-- Prompt --
When copying the records below, omit any image and print everything else exactly.

-- Information given --
------------------------
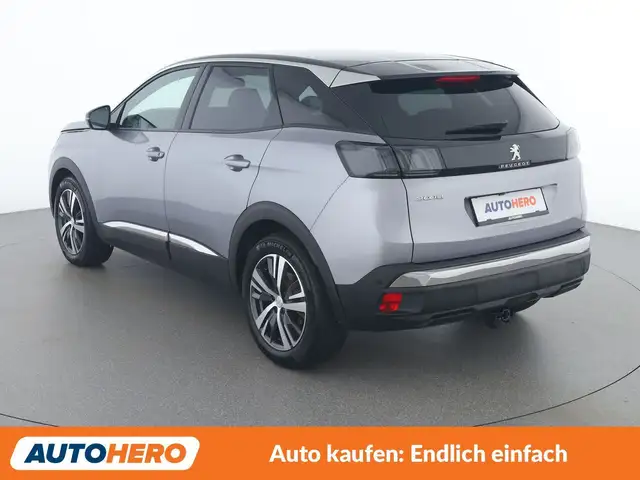 Peugeot 3008 view 4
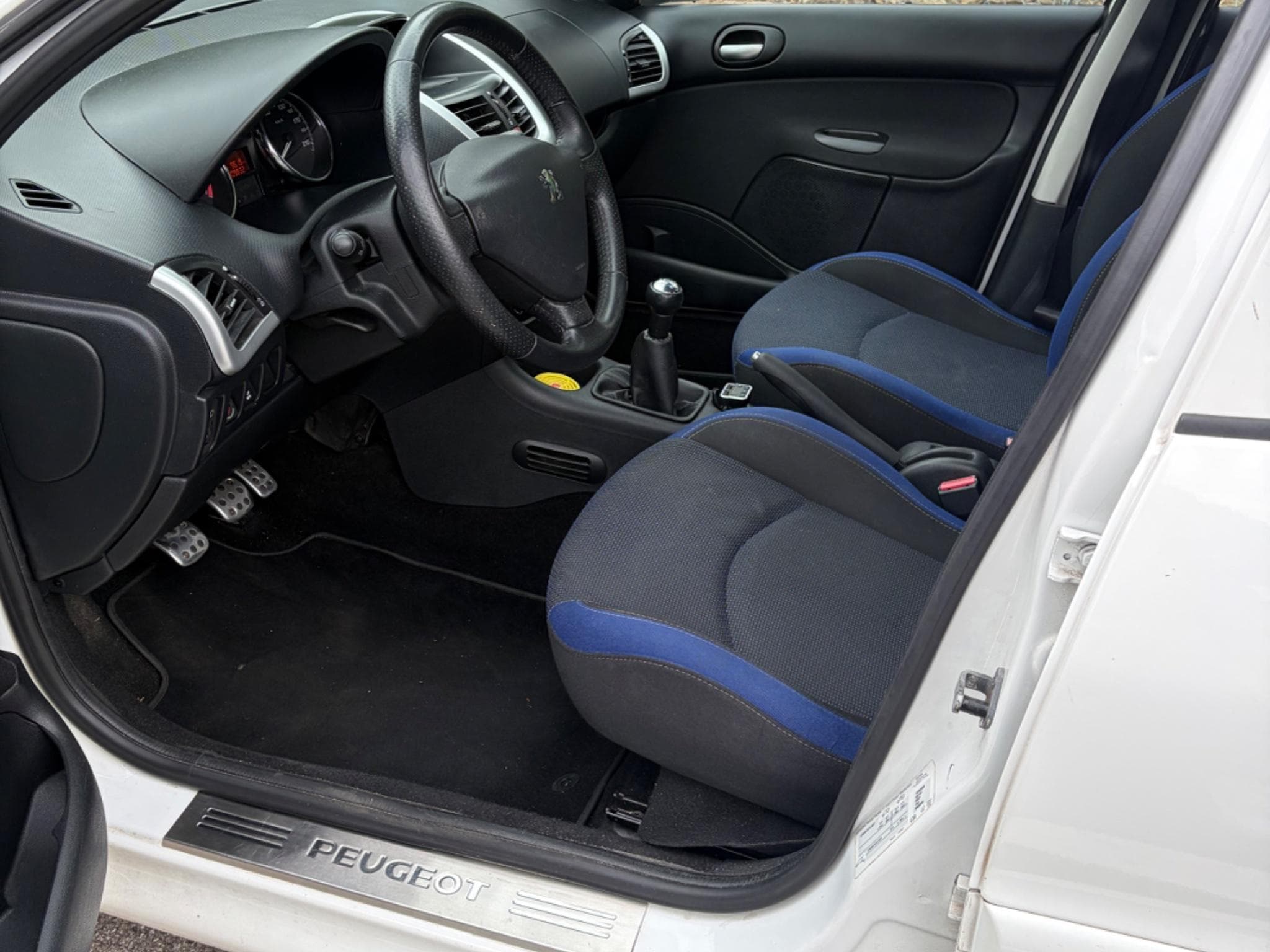 Peugeot 206+ Sportium (2012) - Photo 5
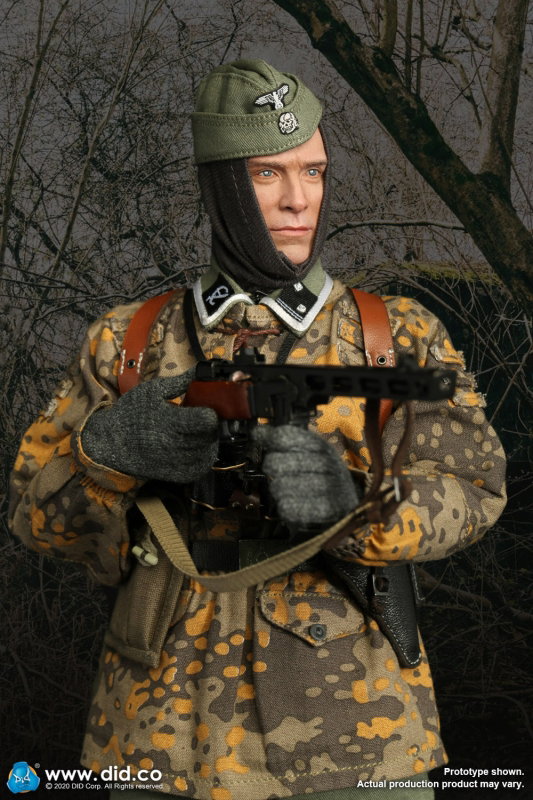 WWII Germany 20th Waffen Grenadier Division Of The SS (1st Estonian) Radio
Operator - Matthias image 6
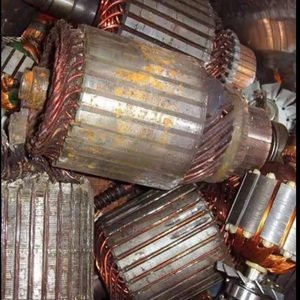 Motores Eléctricos Desechados en un Almacén de Reciclaje de Metales, Chatarra de Motores Eléctricos Disponible en Stock, Entrega Rápida, Listo para Enviar - Product Image 1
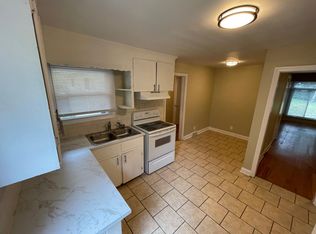 1512 Drumcliffe Rd, Winston Salem, NC 27103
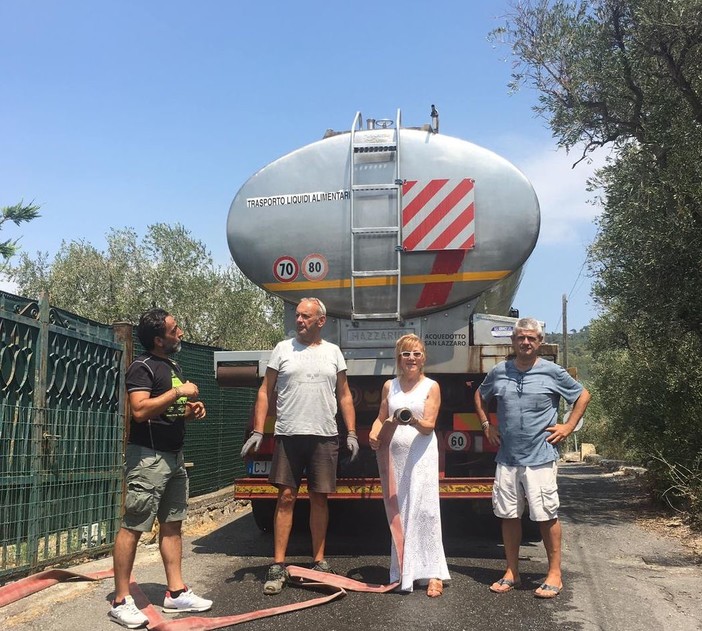 Cervo, vietato l'uso potabile dell'acqua. Il sindaco Cha firma l'ordinanza: "Per tutelare la cittadinanza con ogni mezzo" Cervo, vietato l'uso potabile dell'acqua. Il sindaco Cha firma l'ordinanza: "Per tutelare la cittadinanza con ogni mezzo"
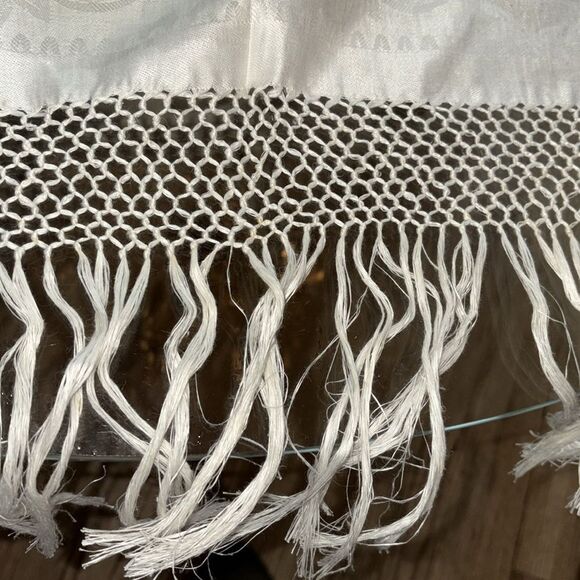 Elegant Vintage Italian Cream Table Runner with Fringe - Picture 3 of 4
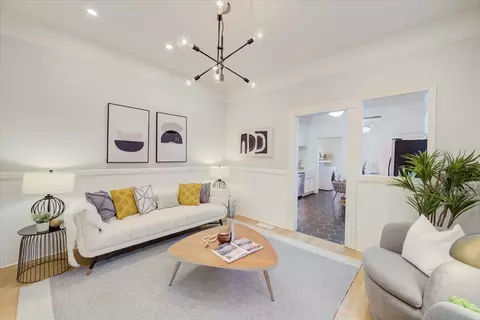 Living - 2662 22nd St A, San Francisco, CA 94110 photo 8 of 11
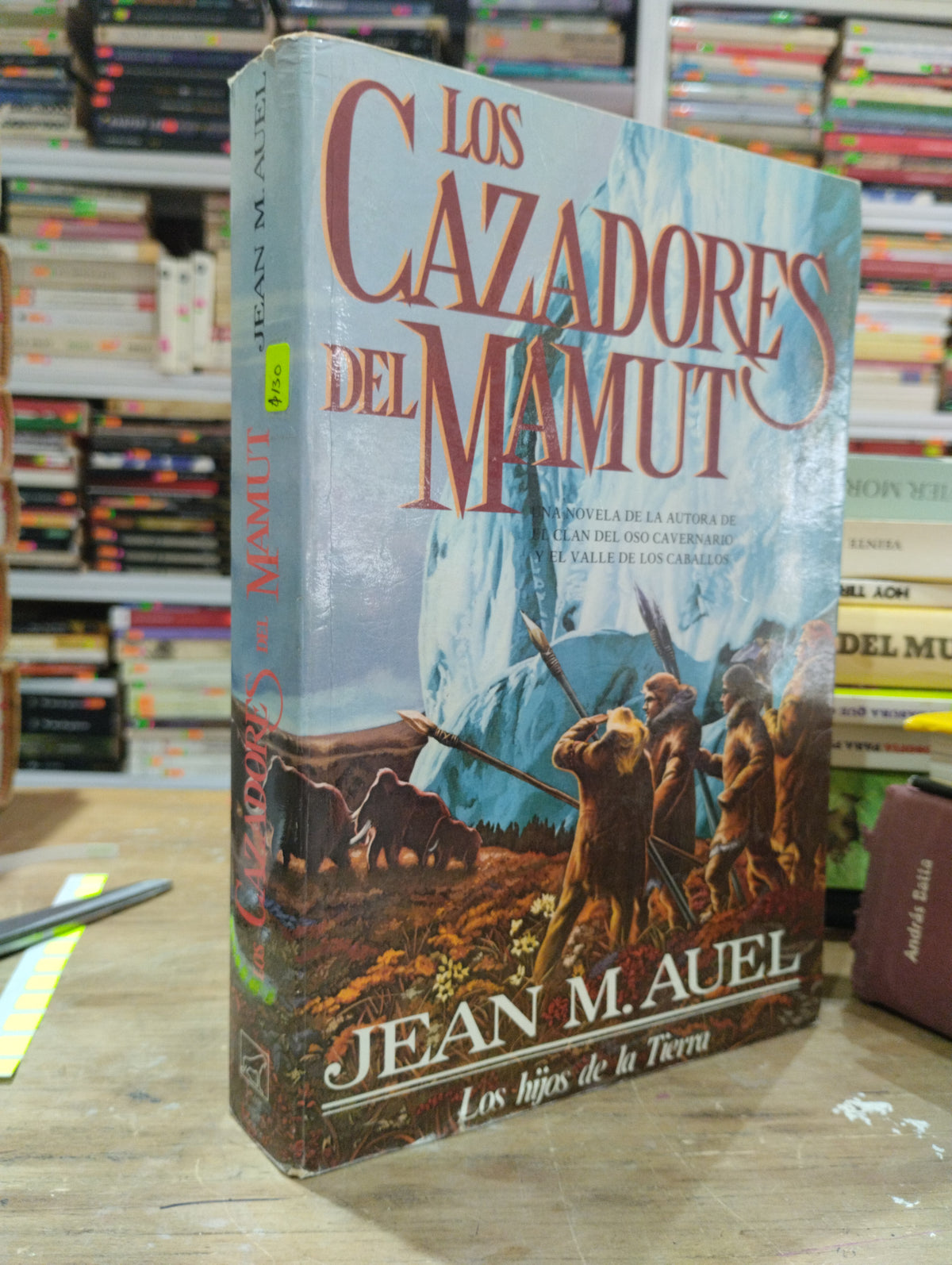 LOS CAZADORES DEL MAMUT POR JEAN M AUEL USADO NOVELAS JUAREZ 515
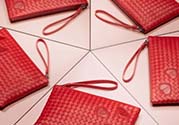 bv葆蝶家2017情人節(jié)限量包包多少錢？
------------------------
-- Your solution --
 Peugeot 3008 view 4
 Peugeot 206+ Sportium (2012) - Photo 5
 WWII Germany 20th Waffen Grenadier Division Of The SS (1st Estonian) Radio
Operator - Matthias image 6
 Motores Eléctricos Desechados en un Almacén de Reciclaje de Metales, Chatarra de Motores Eléctricos Disponible en Stock, Entrega Rápida, Listo para Enviar - Product Image 1
 1512 Drumcliffe Rd, Winston Salem, NC 27103
 Cervo, vietato l'uso potabile dell'acqua. Il sindaco Cha firma l'ordinanza: "Per tutelare la cittadinanza con ogni mezzo" Cervo, vietato l'uso potabile dell'acqua. Il sindaco Cha firma l'ordinanza: "Per tutelare la cittadinanza con ogni mezzo"
 Elegant Vintage Italian Cream Table Runner with Fringe - Picture 3 of 4
 Living - 2662 22nd St A, San Francisco, CA 94110 photo 8 of 11
 LOS CAZADORES DEL MAMUT POR JEAN M AUEL USADO NOVELAS JUAREZ 515
 bv葆蝶家2017情人節(jié)限量包包多少錢？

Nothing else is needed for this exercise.